(Records from a data collection)
· · · · ·
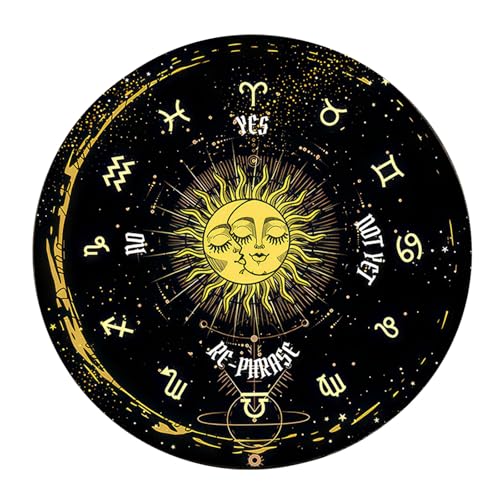 Fluxioxtna Sun Moon Astrologie Pendel Mat Tarots Gummi Tischdecke Schreibtisch Dekoration Tarots Kartenpolster Pendel Zeremonie Matte Hexerei Fluxioxtna Sun Moon Astrologie Pendel Mat Tarots Gummi Tischdecke Schreibtisch Dekoration Tarots Kartenpolster Pendel Zeremonie Matte Hexerei von Fluxioxtna
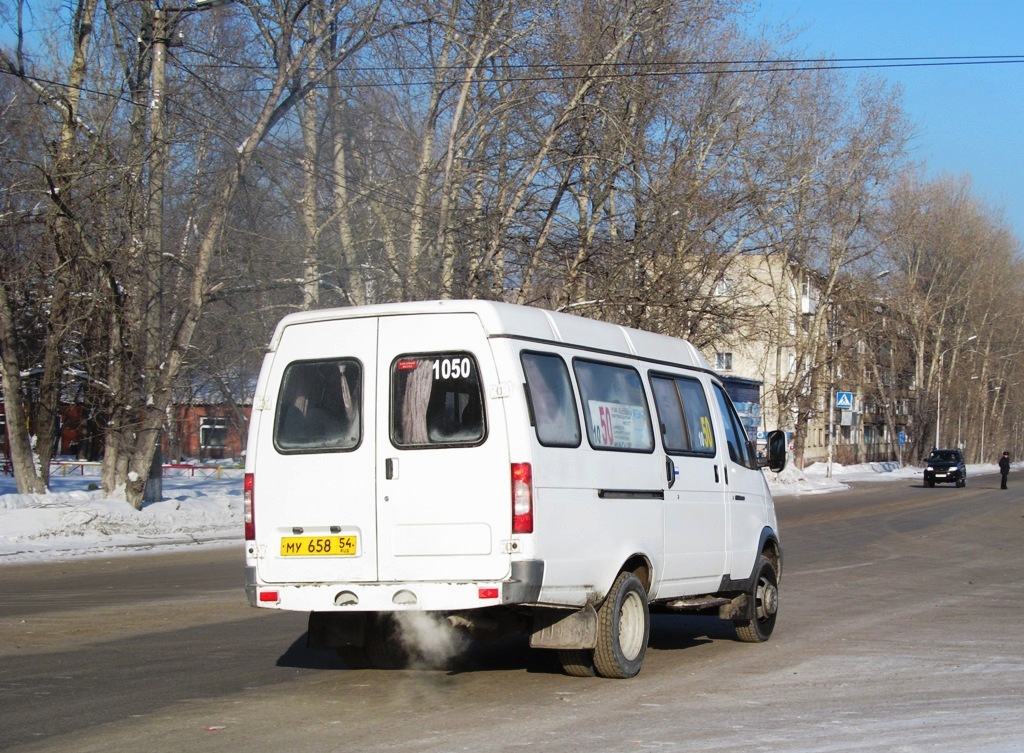 Novosibirsk, GAZ-322132 č. МУ 658 54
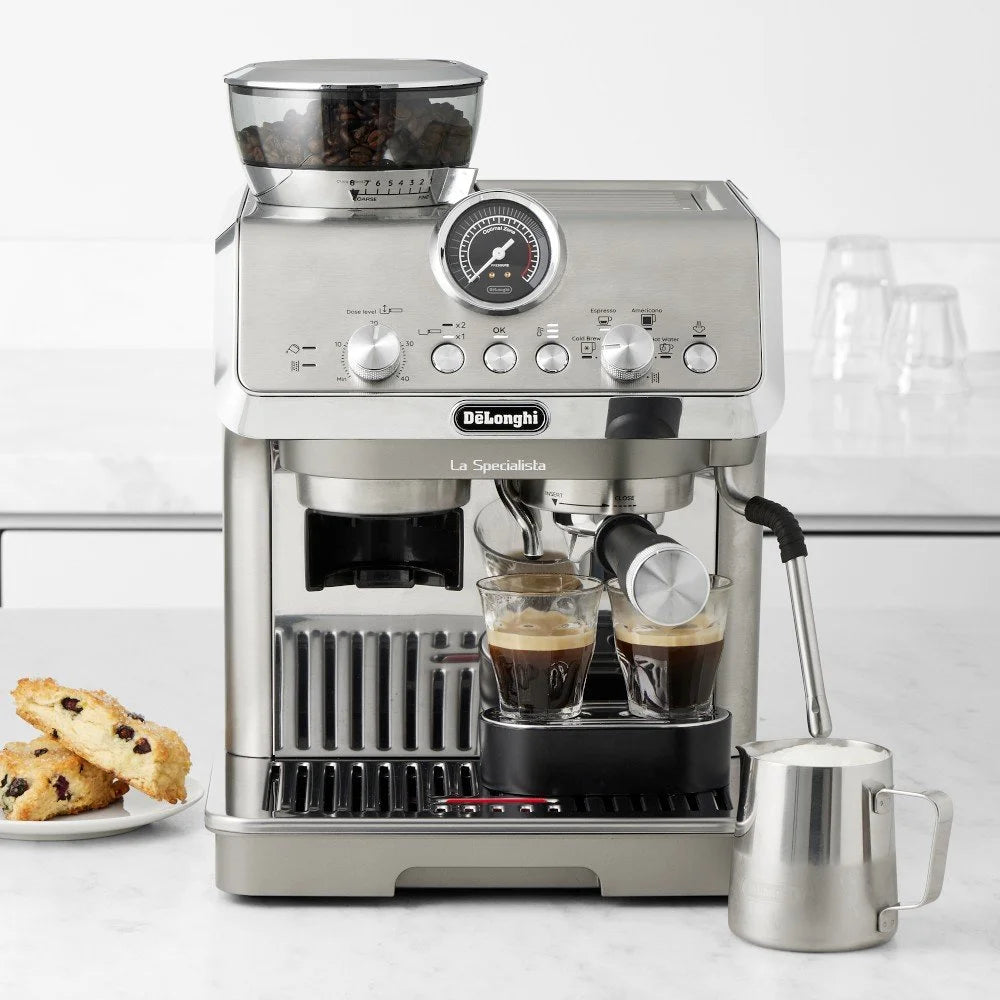 Breville Barista Express Espresso Machines BES870XL, Brushed Stainless Steel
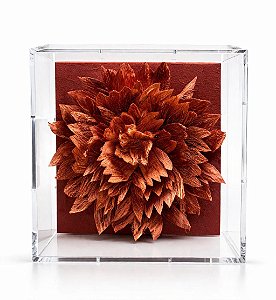 Caixa Decorativa Cris Rosa 23x23x11cm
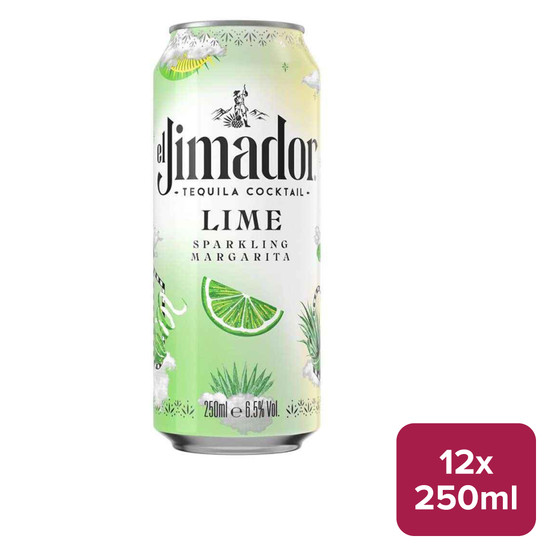 El Jimador Lime Sparkling Margarita 12 x 250ml Can - 36535048_B.jpg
· · · · ·
EXERCISE
Starting with the line that contains "Breville Barista Express", print every line through the end of the data exactly as written; omit all pictures and add nothing else.

ANSWER SPACE
 Breville Barista Express Espresso Machines BES870XL, Brushed Stainless Steel
 Caixa Decorativa Cris Rosa 23x23x11cm
 El Jimador Lime Sparkling Margarita 12 x 250ml Can - 36535048_B.jpg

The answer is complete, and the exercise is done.